In the 5th grade, I begged my mother for bangs. I wanted to look “grown” since I was about to enter middle school, and I needed a different look (let’s think of Manny Santos in Degrassi, but not to that extreme). However, the only way she believed I could get bangs was if I did something my edges to “tame the curls.” At this point, I would have said yes to anything. I did not know any better.
The day we went to Charo’s Salon in Williamsburg, the place I had been going to since the age of 2 (pre-natural and pre-gentrified Brooklyn), I knew I was walking towards a rite of passage, something that would become my best friend until it betrayed me: the relaxer. The usual clients were already there: under the dryers, in the chairs having their hair blown out, in the back waiting to take out the white product I never questioned.

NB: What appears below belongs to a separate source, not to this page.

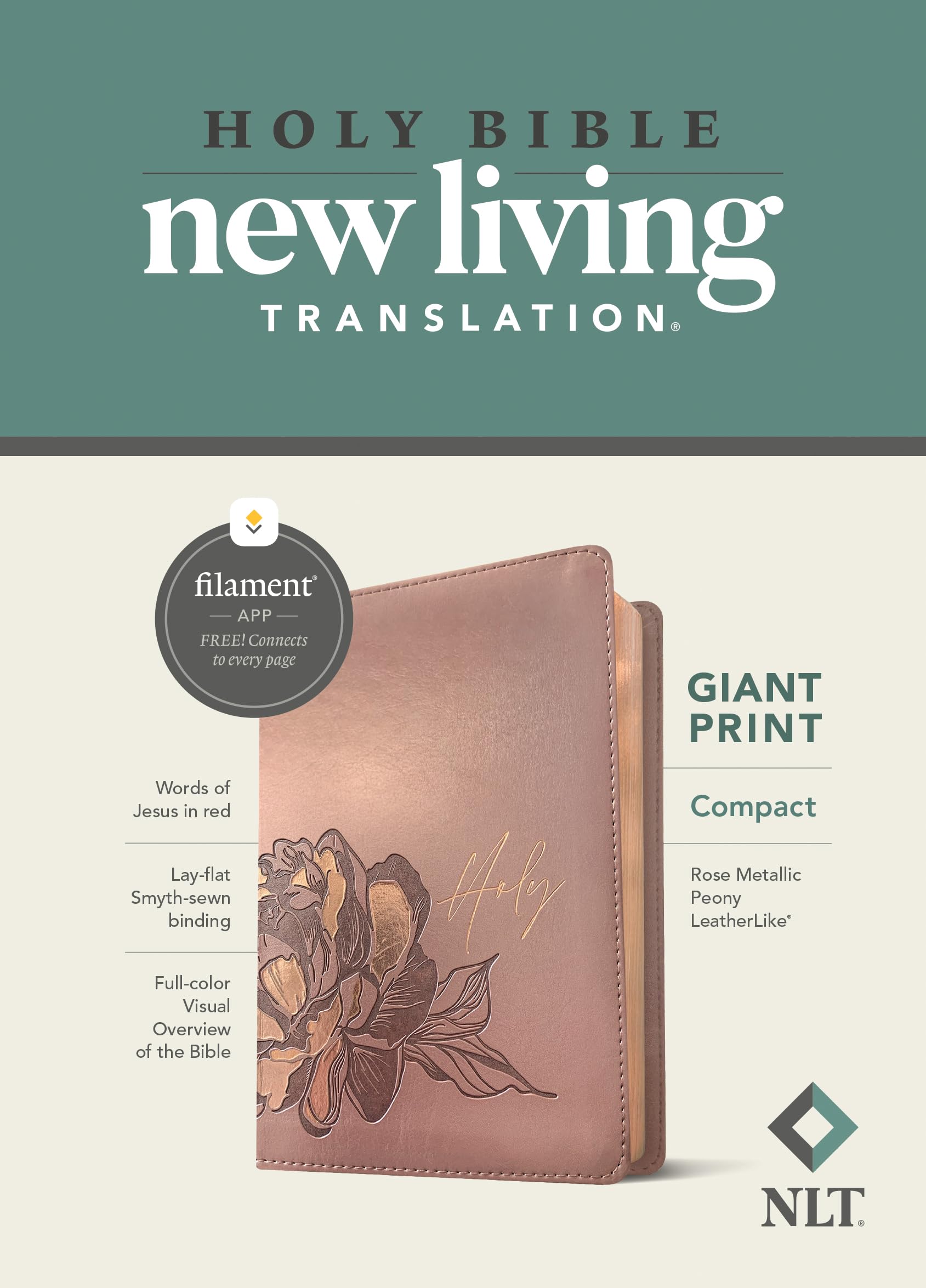 Holy Bible: New Living Translation, Rose Metallic Peony, Leatherlike, Giant Print, Red Letter Religion & Esotericism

When it was my turn, Mami told me it would be OK, and Charo took me to the sink to start putting the relaxer on my edges. It was a weird feeling at first: cold, thick, and then some stinging; however, I knew I would have to keep it on for some time until it was ready.
With no mirrors around except for those in front of the styling chairs, I had no clue what my hair looked like when time was up. I wanted to run my fingers through my long, curly hair. I wanted to grab the first mirror I could see. All I wanted to do was touch my edges, but I was not successful. An hour later, after sitting under the dryer and waiting for Charo to finish up with the client before me, it was time for my big debut. As soon as I looked in the mirror, I was floored. My edges were smooth and sleek. I could not remember the last time I did not see my baby hairs form a short, curly crown around my head. I thought this was the best product ever invented, and I did not know how I went 11 years without it. From now on, I knew it would be me and my relaxer every time I went to Charo’s, and I did not mind – until the day my mild relaxer was switched for what was considered a “better” relaxer, and my hair was never the same until years later.